(TASK BRIEF)
Below is a block of entries; repeat exactly the lines starting at the line that contains "Replaced 3.2 Establishing" and ending at the line that contains "В Саратове масштабно отключат воду", both included.

(THE RECORDS)

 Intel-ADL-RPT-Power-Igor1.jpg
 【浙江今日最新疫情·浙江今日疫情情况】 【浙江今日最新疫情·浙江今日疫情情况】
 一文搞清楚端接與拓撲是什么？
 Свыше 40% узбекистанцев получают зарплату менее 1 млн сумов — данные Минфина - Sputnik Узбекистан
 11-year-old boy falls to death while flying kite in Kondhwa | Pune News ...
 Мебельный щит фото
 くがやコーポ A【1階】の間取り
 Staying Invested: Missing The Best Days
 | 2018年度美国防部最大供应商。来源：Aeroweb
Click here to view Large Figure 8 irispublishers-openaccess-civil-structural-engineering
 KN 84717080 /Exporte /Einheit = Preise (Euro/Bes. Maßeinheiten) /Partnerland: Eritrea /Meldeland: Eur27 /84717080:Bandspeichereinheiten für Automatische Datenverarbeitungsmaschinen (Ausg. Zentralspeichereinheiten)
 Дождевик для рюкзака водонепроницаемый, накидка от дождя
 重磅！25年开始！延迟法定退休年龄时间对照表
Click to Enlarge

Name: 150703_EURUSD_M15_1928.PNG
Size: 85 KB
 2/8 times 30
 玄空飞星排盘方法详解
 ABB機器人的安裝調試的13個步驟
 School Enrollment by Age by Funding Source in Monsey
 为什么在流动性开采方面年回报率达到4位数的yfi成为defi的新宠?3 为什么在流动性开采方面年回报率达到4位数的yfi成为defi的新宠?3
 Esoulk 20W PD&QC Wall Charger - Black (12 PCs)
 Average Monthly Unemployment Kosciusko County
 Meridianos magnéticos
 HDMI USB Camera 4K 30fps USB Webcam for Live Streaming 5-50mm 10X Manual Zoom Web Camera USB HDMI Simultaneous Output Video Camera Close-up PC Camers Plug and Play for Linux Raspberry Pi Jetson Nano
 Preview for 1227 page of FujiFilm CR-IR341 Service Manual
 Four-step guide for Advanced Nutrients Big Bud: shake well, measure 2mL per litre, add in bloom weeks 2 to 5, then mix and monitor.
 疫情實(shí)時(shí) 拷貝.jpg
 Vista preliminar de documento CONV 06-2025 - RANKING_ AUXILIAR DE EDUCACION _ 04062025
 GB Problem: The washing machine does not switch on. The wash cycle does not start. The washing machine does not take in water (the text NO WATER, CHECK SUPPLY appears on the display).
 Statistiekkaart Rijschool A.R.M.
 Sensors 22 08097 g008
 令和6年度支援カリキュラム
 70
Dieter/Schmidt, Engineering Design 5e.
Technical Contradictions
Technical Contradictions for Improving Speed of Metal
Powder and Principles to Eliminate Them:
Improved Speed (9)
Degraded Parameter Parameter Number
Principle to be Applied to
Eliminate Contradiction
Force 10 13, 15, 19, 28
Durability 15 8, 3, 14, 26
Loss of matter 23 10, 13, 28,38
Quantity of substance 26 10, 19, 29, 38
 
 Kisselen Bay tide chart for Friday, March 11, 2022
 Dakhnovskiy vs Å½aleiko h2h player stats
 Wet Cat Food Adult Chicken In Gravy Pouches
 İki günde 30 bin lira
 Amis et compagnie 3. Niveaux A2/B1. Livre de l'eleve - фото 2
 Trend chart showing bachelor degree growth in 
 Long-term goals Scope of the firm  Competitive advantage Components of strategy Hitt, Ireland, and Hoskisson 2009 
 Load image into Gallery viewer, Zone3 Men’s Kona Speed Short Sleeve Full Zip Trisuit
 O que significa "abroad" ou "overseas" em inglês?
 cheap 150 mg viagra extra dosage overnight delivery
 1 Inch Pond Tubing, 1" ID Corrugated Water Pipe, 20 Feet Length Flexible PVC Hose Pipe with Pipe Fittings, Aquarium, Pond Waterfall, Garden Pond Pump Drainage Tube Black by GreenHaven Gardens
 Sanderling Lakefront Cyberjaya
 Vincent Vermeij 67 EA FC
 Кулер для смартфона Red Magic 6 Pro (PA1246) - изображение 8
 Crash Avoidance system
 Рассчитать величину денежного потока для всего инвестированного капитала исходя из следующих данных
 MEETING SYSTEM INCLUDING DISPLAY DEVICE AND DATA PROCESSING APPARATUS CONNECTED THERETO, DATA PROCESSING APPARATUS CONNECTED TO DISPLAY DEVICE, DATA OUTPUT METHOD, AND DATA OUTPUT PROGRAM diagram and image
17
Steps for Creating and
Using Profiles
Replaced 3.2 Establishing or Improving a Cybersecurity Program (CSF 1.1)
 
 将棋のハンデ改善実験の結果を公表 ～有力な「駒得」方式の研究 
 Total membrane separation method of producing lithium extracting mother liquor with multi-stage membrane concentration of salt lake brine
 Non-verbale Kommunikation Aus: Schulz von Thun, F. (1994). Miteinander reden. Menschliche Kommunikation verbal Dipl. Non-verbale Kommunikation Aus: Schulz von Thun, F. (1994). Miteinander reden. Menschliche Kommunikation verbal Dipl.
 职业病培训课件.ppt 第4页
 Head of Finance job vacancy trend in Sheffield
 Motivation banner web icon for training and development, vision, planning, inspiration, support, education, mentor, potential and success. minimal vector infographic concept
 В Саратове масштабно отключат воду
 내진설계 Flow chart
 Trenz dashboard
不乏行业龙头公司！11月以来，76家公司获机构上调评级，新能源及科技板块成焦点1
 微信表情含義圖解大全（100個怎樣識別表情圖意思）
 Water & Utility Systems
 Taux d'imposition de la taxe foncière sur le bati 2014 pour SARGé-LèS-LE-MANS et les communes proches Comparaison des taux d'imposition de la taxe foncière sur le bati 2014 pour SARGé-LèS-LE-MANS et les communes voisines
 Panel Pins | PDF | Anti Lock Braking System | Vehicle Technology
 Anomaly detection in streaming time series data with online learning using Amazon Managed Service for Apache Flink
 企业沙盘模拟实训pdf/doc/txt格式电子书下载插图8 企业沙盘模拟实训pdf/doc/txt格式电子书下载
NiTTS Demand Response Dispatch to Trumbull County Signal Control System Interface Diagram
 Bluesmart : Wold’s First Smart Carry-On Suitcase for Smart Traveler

(ANSWER SECTION)
Replaced 3.2 Establishing or Improving a Cybersecurity Program (CSF 1.1)
 
 将棋のハンデ改善実験の結果を公表 ～有力な「駒得」方式の研究 
 Total membrane separation method of producing lithium extracting mother liquor with multi-stage membrane concentration of salt lake brine
 Non-verbale Kommunikation Aus: Schulz von Thun, F. (1994). Miteinander reden. Menschliche Kommunikation verbal Dipl. Non-verbale Kommunikation Aus: Schulz von Thun, F. (1994). Miteinander reden. Menschliche Kommunikation verbal Dipl.
 职业病培训课件.ppt 第4页
 Head of Finance job vacancy trend in Sheffield
 Motivation banner web icon for training and development, vision, planning, inspiration, support, education, mentor, potential and success. minimal vector infographic concept
 В Саратове масштабно отключат воду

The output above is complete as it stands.